• INSTRUCTIONS FOR THE TASK:
Reproduce every entry word for word. Drop all pictures from the copy.

[[ GIVEN DATA open ]]

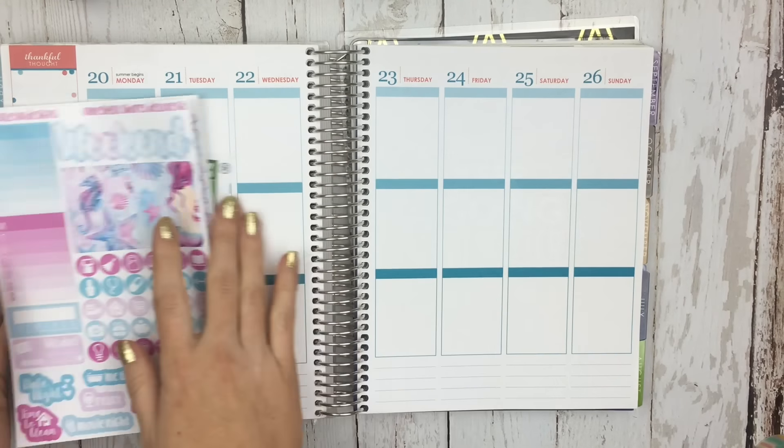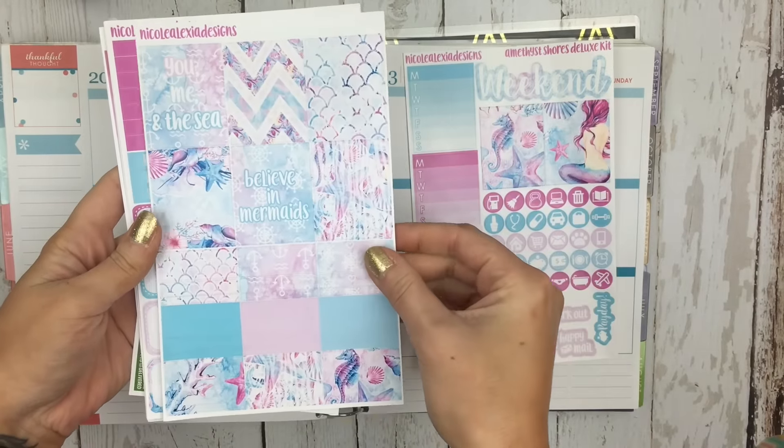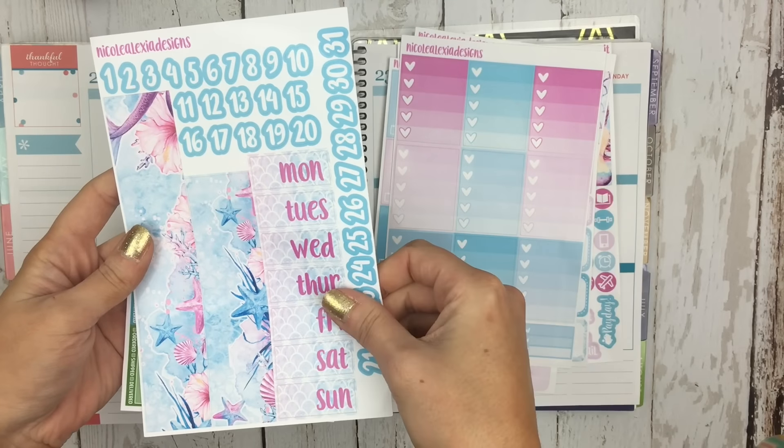Hi guys, it's Nikki, and today I'm going to be doing a plan with me in the vertical Erin Condren with our new Amethyst Shores Deluxe Kit. The kit that I am using is in Glossy, so I'm just going to show you guys all the pages.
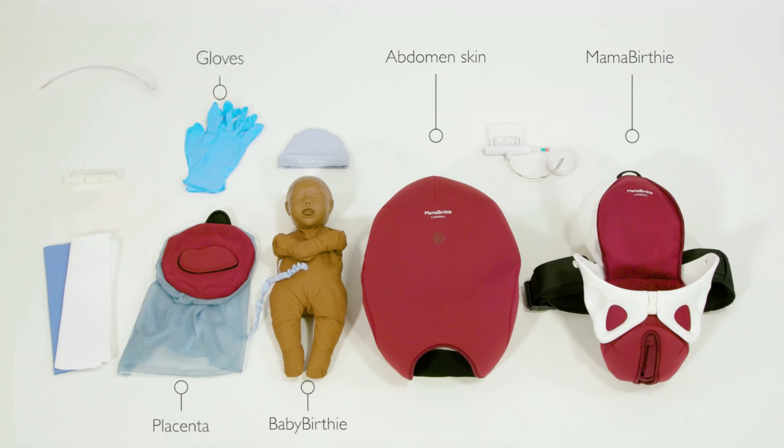In addition you will need protective gloves, a syringe, catheter, towels, and a cap for baby Berthi. You will also need your own suction device.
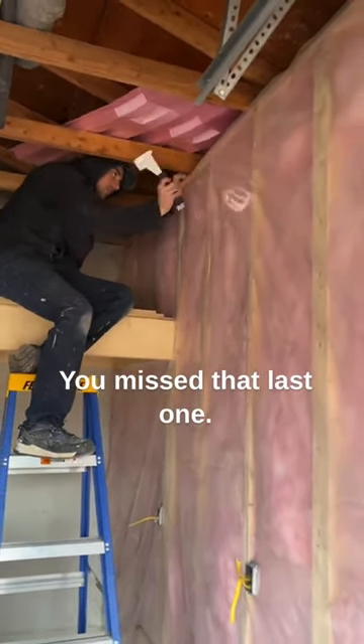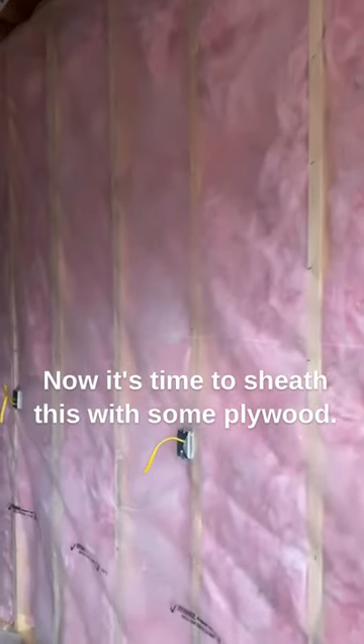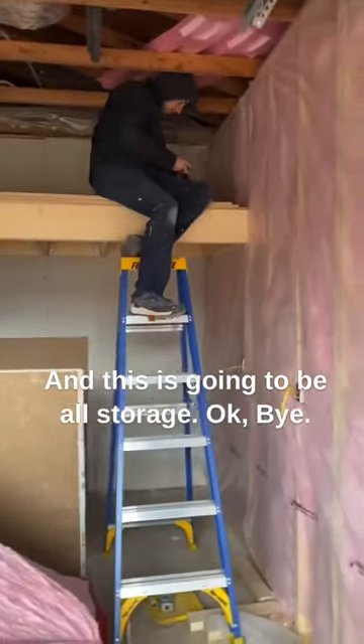You missed that last one. Staples, jackass. Come on, man. Now it's time to sheet this with some plywood and we're gonna sheet that — this is going to be all storage. Okay, bye.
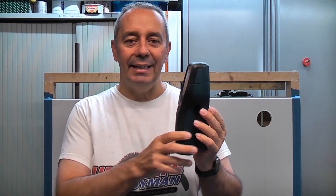This is the Bosch Detect 120, which is a universal detector. It uses radar technology and can detect objects in concrete and masonry up to a maximum of 120 millimeters deep. If you're using it on drywall, it will detect objects that are 60 millimeters deep maximum.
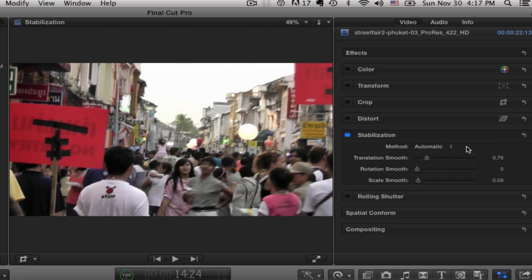Final Cut will just analyze the shot and figure out what the best algorithm might be to smooth it out a little bit. In any event, you have three sliders. Translation smooth is basically motion in a line, rotation is pretty obvious, and scale also.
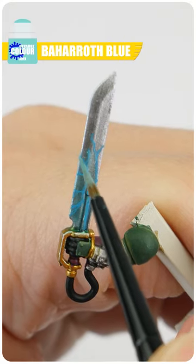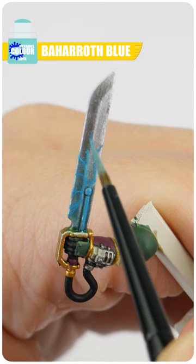When you're happy with your lines, use Balroth Blue to paint thinner lines within the Temple Guard Blue lines where we've just painted.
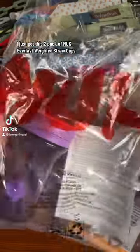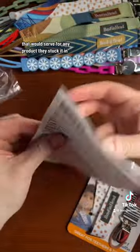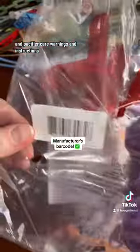I just got this two-pack of Nook Everlast weighted straw cups and realized their in-package literature is a single page that would serve for any product they stuck it in. It's got transition cups, dishware, hard spout sippy, soft spout sippy care warnings and instructions, and pacifier care warnings and instructions.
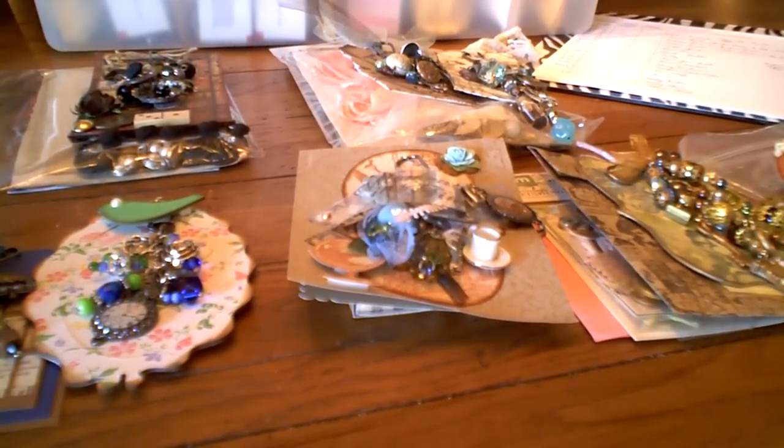Hi guys, it's Pat, and as promised, I am going to do a video of all the charms that I received while I'm substituting for Leonie for her charm swap on Life on the Scrap Beach.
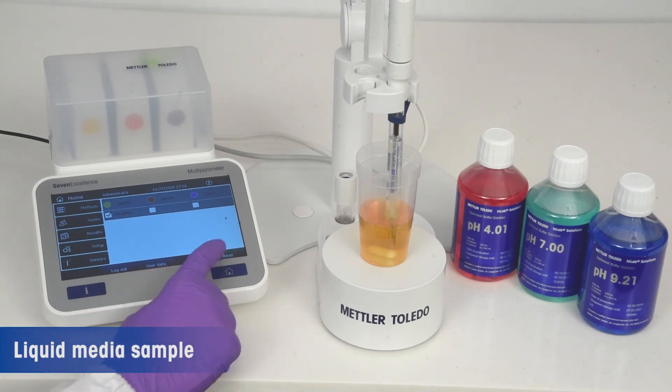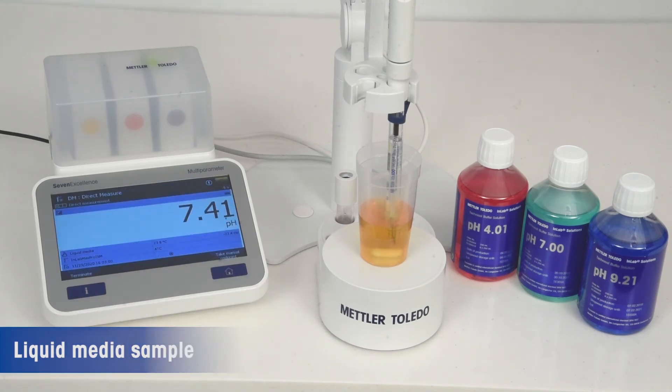For liquid media, take aliquots of the liquid media samples in a clean beaker so as to ensure that the junction is well immersed into the sample.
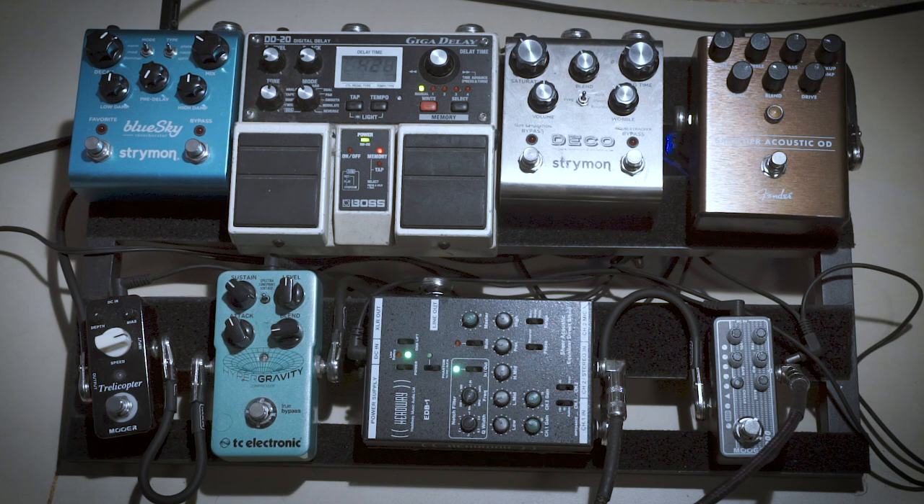So I'm going to go through each effect, explain how I have it set up, and show you how it sounds. Let's get started. Here's the pedal board — right now I have all the effects off and I'll turn them on one by one so you can hear how they each sound and how they add to the guitar sound, most importantly.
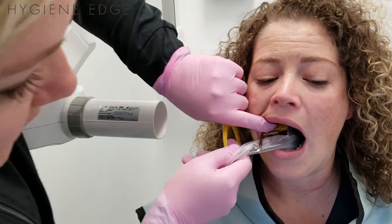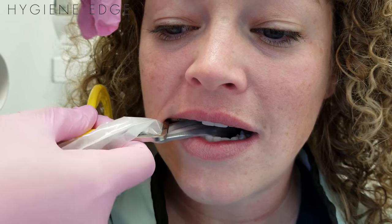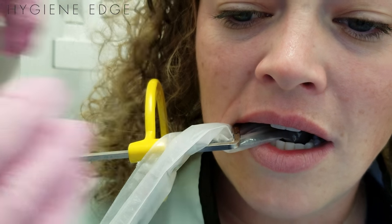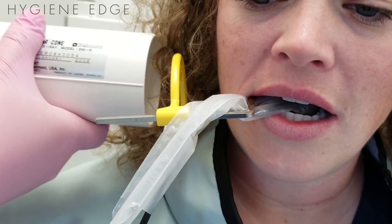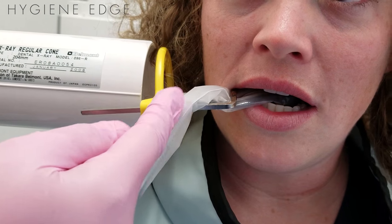If you put pressure where you want it, go ahead and bite. The film or the sensor is less likely to go this way. Sometimes it does kind of float forward a bit, but kind of like with your bite wing, line up your tube head to the sensor and not the ring.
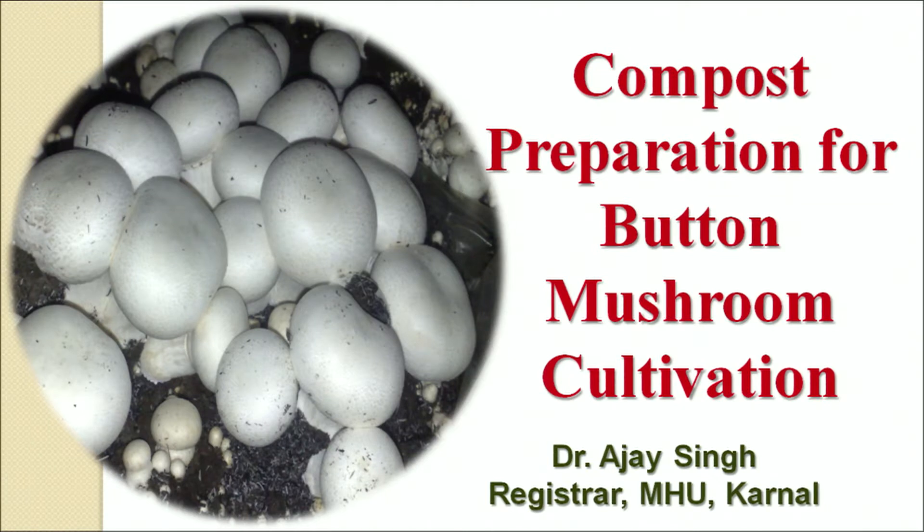Hello friends, today I am going to teach you about cultivation of button mushroom. In the previous lecture, I talked about the number of mushrooms available in the world and especially in our country India. Today, I am going to talk about button mushroom — almost three-fourths of mushroom production in our country is of button mushroom.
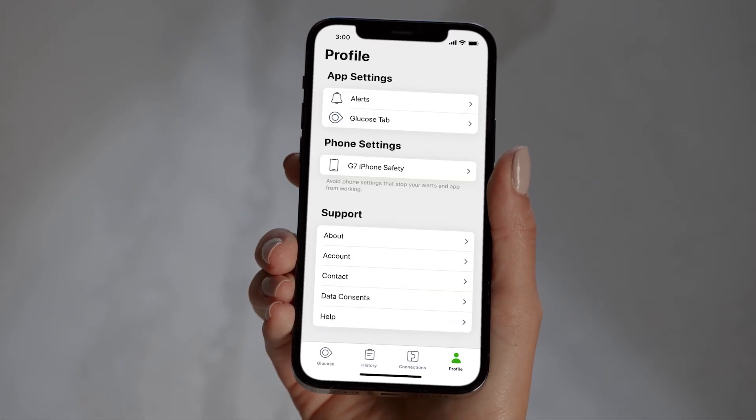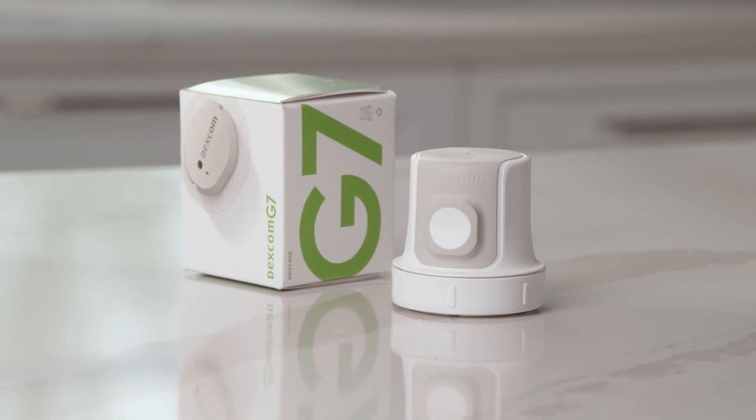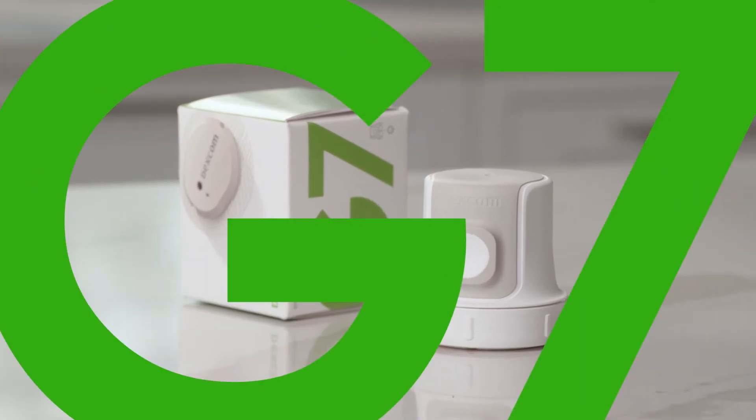Remember, you can customize your alerts at any time under profile alerts. And that is how you set up your Dexcom G7.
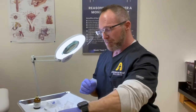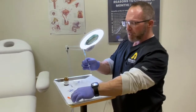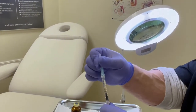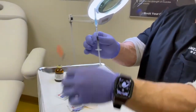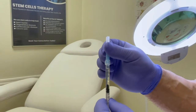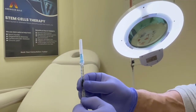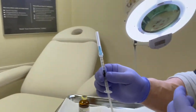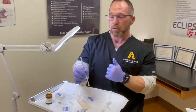Instead, use a luer lock syringe — these come in 1ml sizes just like an insulin syringe and are measured the same way. The difference is the needle detaches, so you can use a finer gauge needle for injection and comfort. You can do 0.1ml, 0.2ml, or 0.5ml doses with the same accuracy, and safely do multiple injections per week to keep your blood serum levels balanced throughout the week.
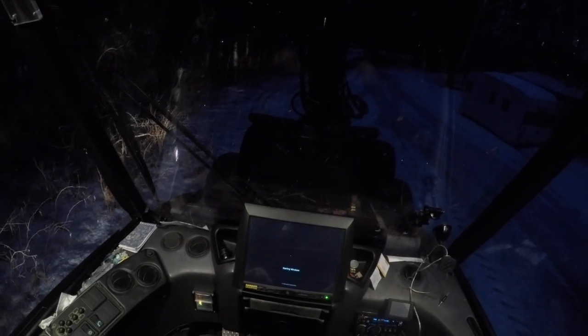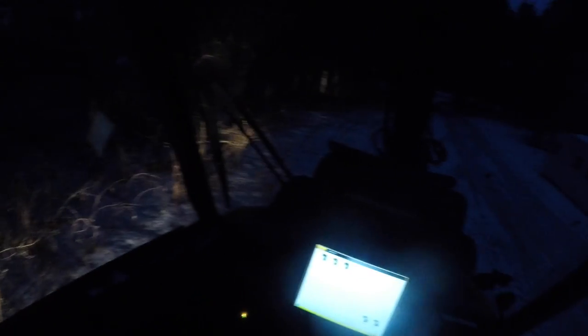That was 11.19 volts. Computer's firing up good. Lights are looking good today with the new batteries. Let's start it up and then I'll jump out and check the current on the battery once everything's running, because 11.19 — boy, she starts good again.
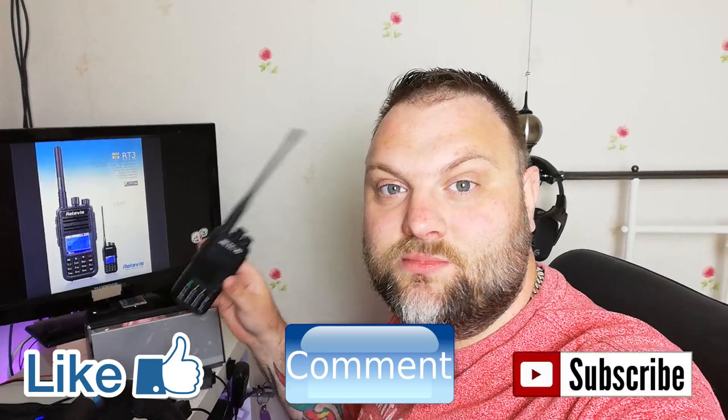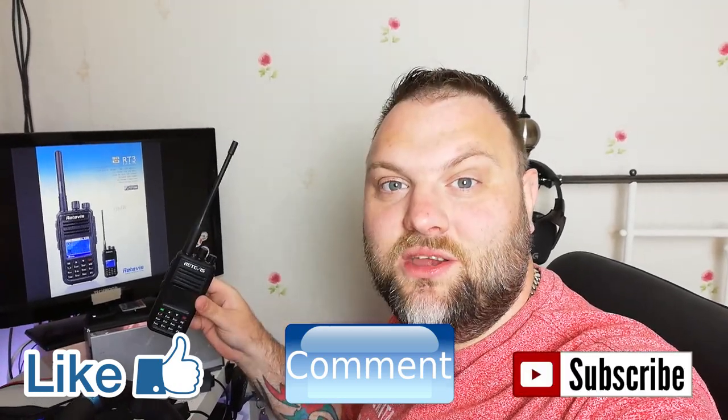Hi YouTube, it's M6EB here, back again with another video today. Today I want to do a full programming guide for the Retevis RT3S. It's been a couple of weeks since this radio was released and a lot of people are getting it. If you want to see the full review, please see the link in the description. But for today we're going to do an in-depth programming guide. It does apply to other DMR radios as well. Please like, comment and subscribe, and without further ado, let's begin.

[[ GIVEN DATA closed ]]

• EXERCISE SOLUTION:
Hi guys, it's Nikki, and today I'm going to be doing a plan with me in the vertical Erin Condren with our new Amethyst Shores Deluxe Kit. The kit that I am using is in Glossy, so I'm just going to show you guys all the pages.
In addition you will need protective gloves, a syringe, catheter, towels, and a cap for baby Berthi. You will also need your own suction device.
You missed that last one. Staples, jackass. Come on, man. Now it's time to sheet this with some plywood and we're gonna sheet that — this is going to be all storage. Okay, bye.
This is the Bosch Detect 120, which is a universal detector. It uses radar technology and can detect objects in concrete and masonry up to a maximum of 120 millimeters deep. If you're using it on drywall, it will detect objects that are 60 millimeters deep maximum.
Final Cut will just analyze the shot and figure out what the best algorithm might be to smooth it out a little bit. In any event, you have three sliders. Translation smooth is basically motion in a line, rotation is pretty obvious, and scale also.
When you're happy with your lines, use Balroth Blue to paint thinner lines within the Temple Guard Blue lines where we've just painted.
I just got this two-pack of Nook Everlast weighted straw cups and realized their in-package literature is a single page that would serve for any product they stuck it in. It's got transition cups, dishware, hard spout sippy, soft spout sippy care warnings and instructions, and pacifier care warnings and instructions.
Hi guys, it's Pat, and as promised, I am going to do a video of all the charms that I received while I'm substituting for Leonie for her charm swap on Life on the Scrap Beach.
For liquid media, take aliquots of the liquid media samples in a clean beaker so as to ensure that the junction is well immersed into the sample.
So I'm going to go through each effect, explain how I have it set up, and show you how it sounds. Let's get started. Here's the pedal board — right now I have all the effects off and I'll turn them on one by one so you can hear how they each sound and how they add to the guitar sound, most importantly.
If you put pressure where you want it, go ahead and bite. The film or the sensor is less likely to go this way. Sometimes it does kind of float forward a bit, but kind of like with your bite wing, line up your tube head to the sensor and not the ring.
Hello friends, today I am going to teach you about cultivation of button mushroom. In the previous lecture, I talked about the number of mushrooms available in the world and especially in our country India. Today, I am going to talk about button mushroom — almost three-fourths of mushroom production in our country is of button mushroom.
Remember, you can customize your alerts at any time under profile alerts. And that is how you set up your Dexcom G7.
Instead, use a luer lock syringe — these come in 1ml sizes just like an insulin syringe and are measured the same way. The difference is the needle detaches, so you can use a finer gauge needle for injection and comfort. You can do 0.1ml, 0.2ml, or 0.5ml doses with the same accuracy, and safely do multiple injections per week to keep your blood serum levels balanced throughout the week.
That was 11.19 volts. Computer's firing up good. Lights are looking good today with the new batteries. Let's start it up and then I'll jump out and check the current on the battery once everything's running, because 11.19 — boy, she starts good again.
Hi YouTube, it's M6EB here, back again with another video today. Today I want to do a full programming guide for the Retevis RT3S. It's been a couple of weeks since this radio was released and a lot of people are getting it. If you want to see the full review, please see the link in the description. But for today we're going to do an in-depth programming guide. It does apply to other DMR radios as well. Please like, comment and subscribe, and without further ado, let's begin.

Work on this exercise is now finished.